In [1]:
# Importer
import classes.utils as utils
from classes.splitter import Splitter
from classes.classifier_trainer import ClassifierTrainer
from classes.drift_detector import DriftDetector

from sklearn.tree import DecisionTreeClassifier

import numpy as np


utils.set_parent_directory_as_working_directory()

# TODO: Move this to a config file
# Importing
DATA_FOLDER = "./data"


FE_DATA_PATH = DATA_FOLDER +'/fe_data.csv'
DATES_DATA_PATH = DATA_FOLDER +'/dates_data.csv'

SEED = 47


# 0 Introduction
In this notebook we will develop our first model. We are going to assume that we have 1 year of loans that have finished (finished_d = issued date + total length of loan), which basically place ourselves on 2011-05-01.
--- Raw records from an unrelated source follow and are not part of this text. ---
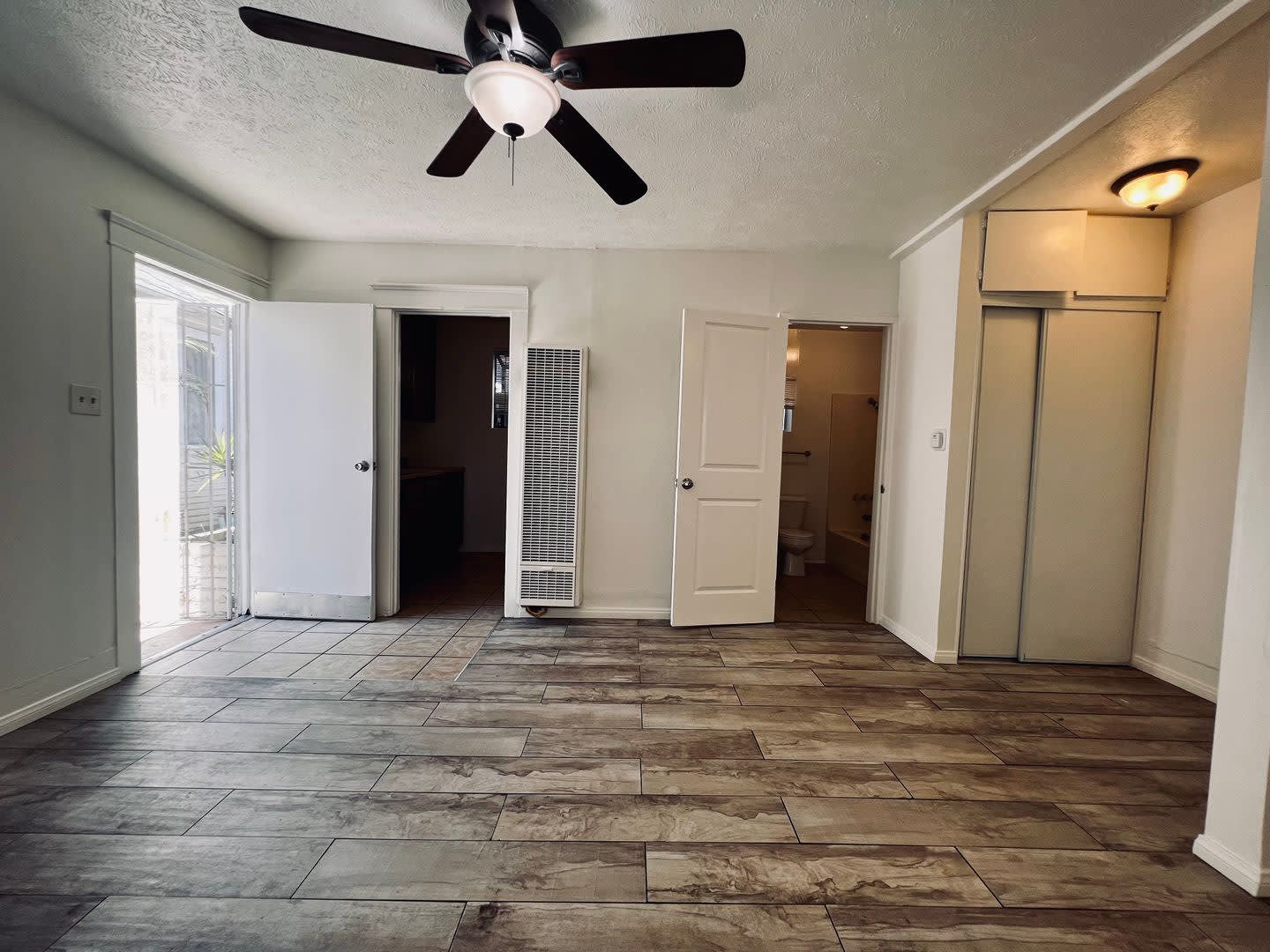 Charming Bluff Park Studio Bungalow Just One Block From The Beach – photo 2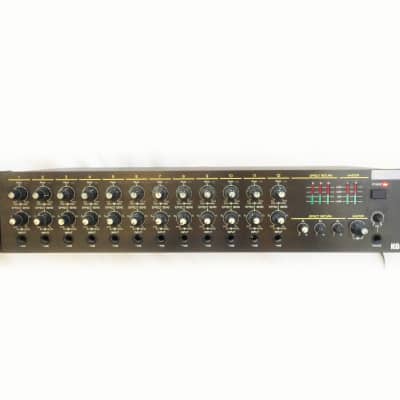 KORG KMX-122 12-Channel Analog Line Mixer Made in JAPAN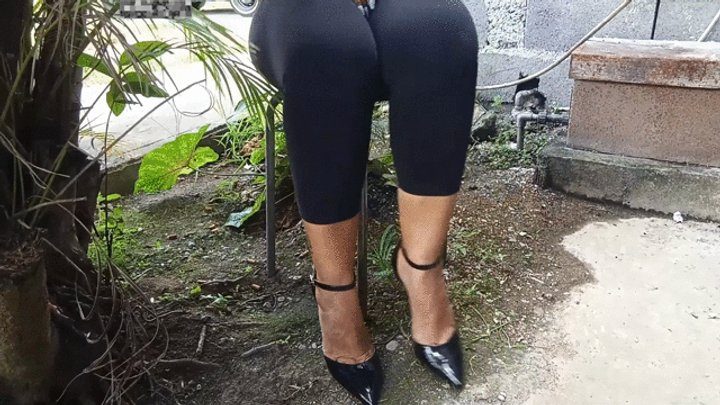 Goddess Foot Fetish - She invites you to enjoy the pronounced arches of her feet and her high heels (3)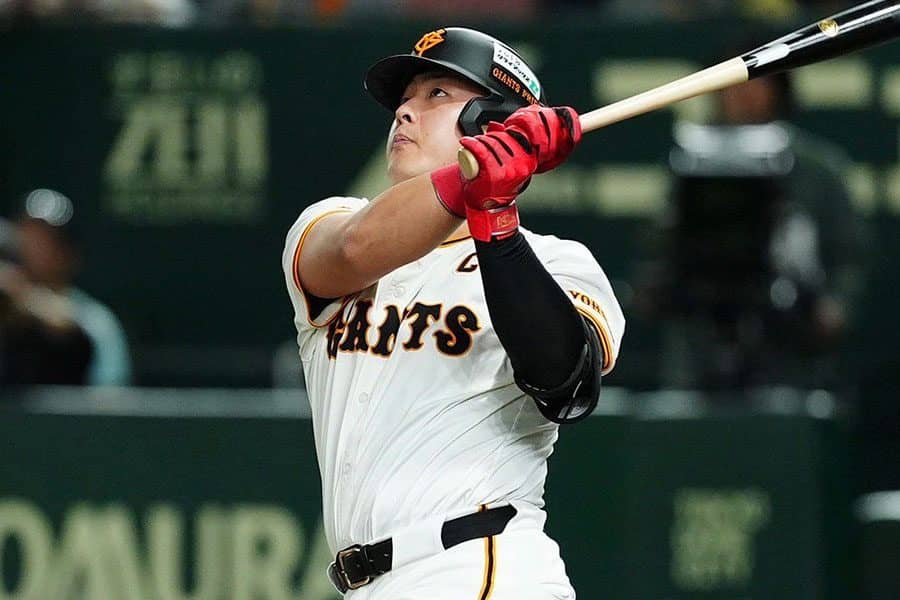 岡本を獲得できたら「全裸で川に飛び込む」　低迷球団の“ラストピース”に…仰天公約も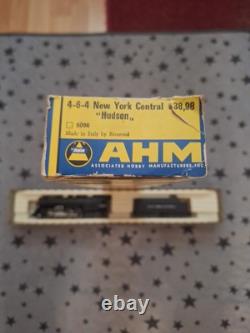 AHM HO 4-6-4 New York Central Hudson #5096 NIB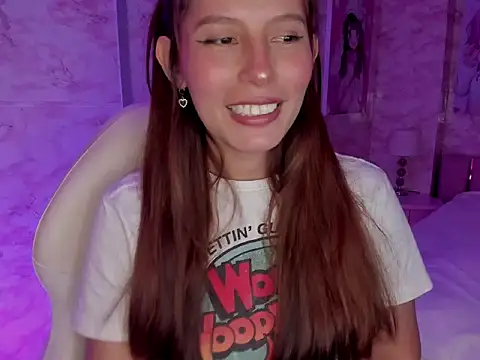 sexy__skinny4u live cam on StripChat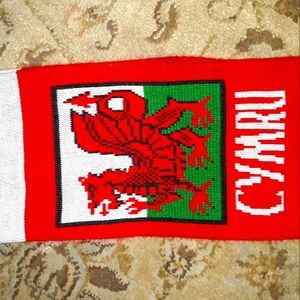 Cymru/wales football scarf
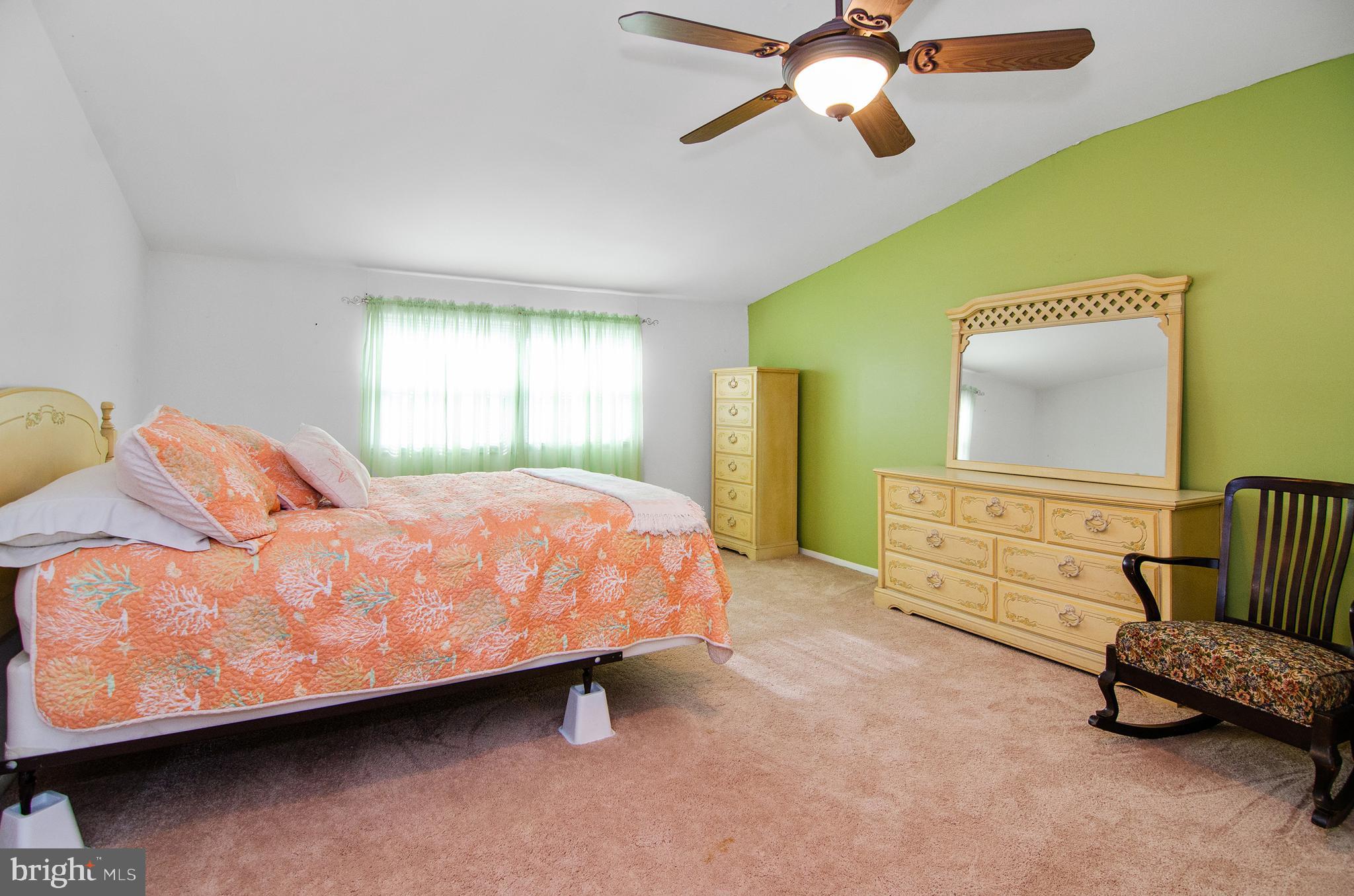 HALLMARK MANOR - Residential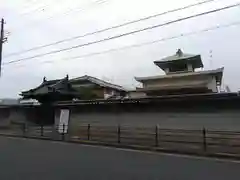 宝国寺の建物その他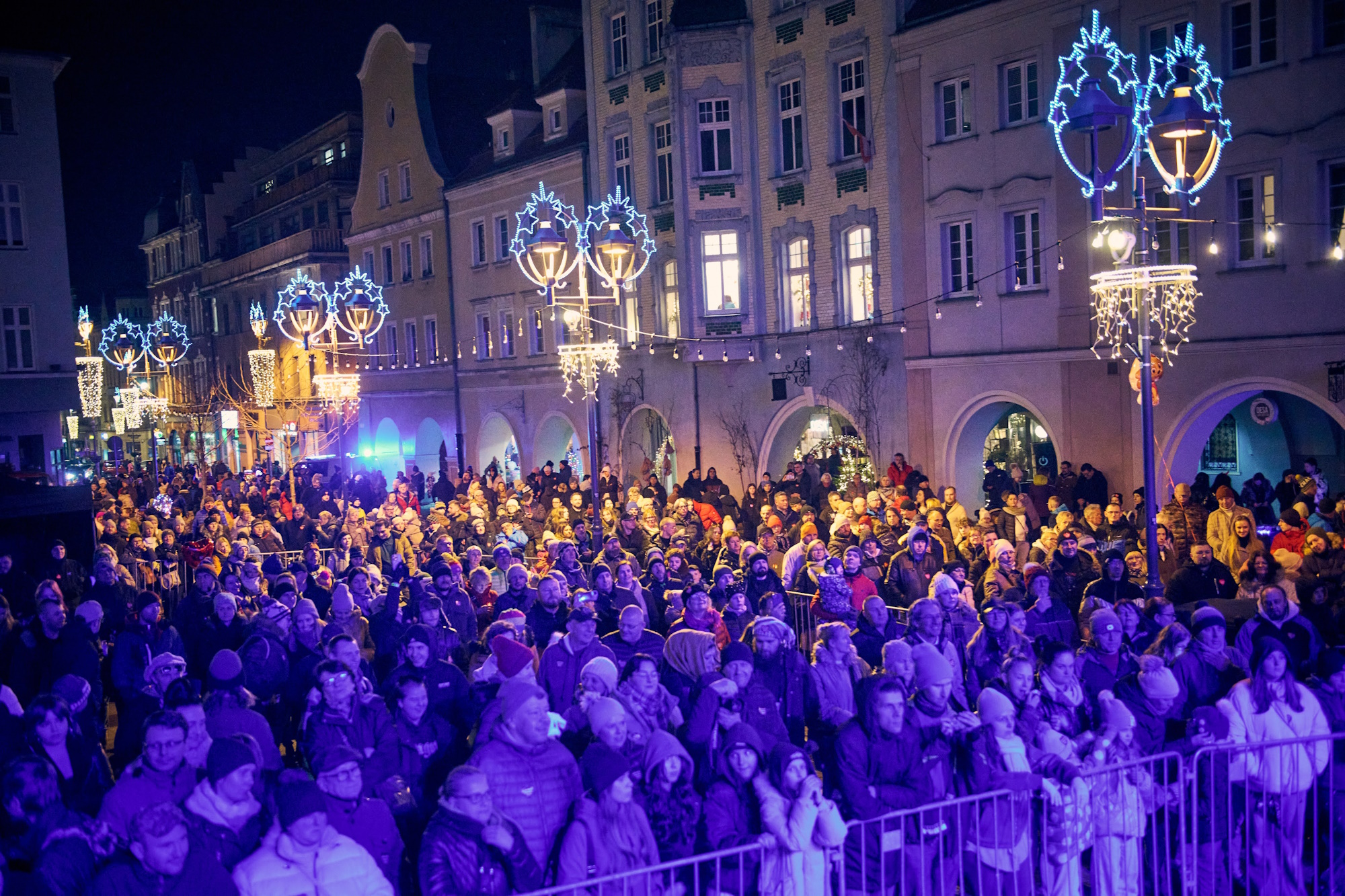 Fot. M. Buksa/UM w Gliwicach Ludzie za barierkami pod sceną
We need to use this variable and not issued_date because when you issue new loan you don't know yet if it's going to be fully paid or not. So we need to wait until the loan is finished to know if it was fully paid or not.


# 1 Splitting data
Before we get hands on with the modelling, we need to split the data into train and test sets. As we mentioned in the preprocessing notebook we will be using the create variable  'finished_d' to 

We will use the train set to train the model and the test set to evaluate the model. We will use the train_test_split function from sklearn to split the data. We will use 80% of the data for training and 20% for testing.

In [2]:
splitter_name = "splitter"

splitter = Splitter(
    name = splitter_name
    , data_path = FE_DATA_PATH
    , date_cols = []
    , target_variable = 'loan_status'
    , destination_directory = DATA_FOLDER
    , dates_data_path = DATES_DATA_PATH
    , column_to_split_by = 'finished_d'
    , test_size = 0.3
    , random_state = SEED
)

splitter.execute()


-------------- Executing splitter --------------
Data loaded from ./data/fe_data.csv
Dates data loaded from ./data/dates_data.csv
Test and train attributes defined 0.3.
        Test size: 678201
        Train size: 1582467
--------------- splitter finished ---------------


This object contains x_train, x_test, y_train and y_test, for the whole series later we can filter them by changing "number_of_months".

# 2 Modelling with MLOps methodology

In this part is where we are going to dig deeper into MLOps methodology and simulate what the process could be imagining that we start modelling after we have 1 year of finished loans (since the first one finished). The techniques we are going to use are:

- Concept drift with online evaluation by training a challenger model
- Input drift and target drift detection with univariate statistical tests and for multivariate detection we are going to use a domain classifier.

## 2.2 First year of data

In [3]:
# create a list of 5 random integers
random_max_depth = np.random.randint(1, 50, 5)
experiment_name = 'first_year_model_baseline'
splitter.set_train_test_filtered(number_of_months=12)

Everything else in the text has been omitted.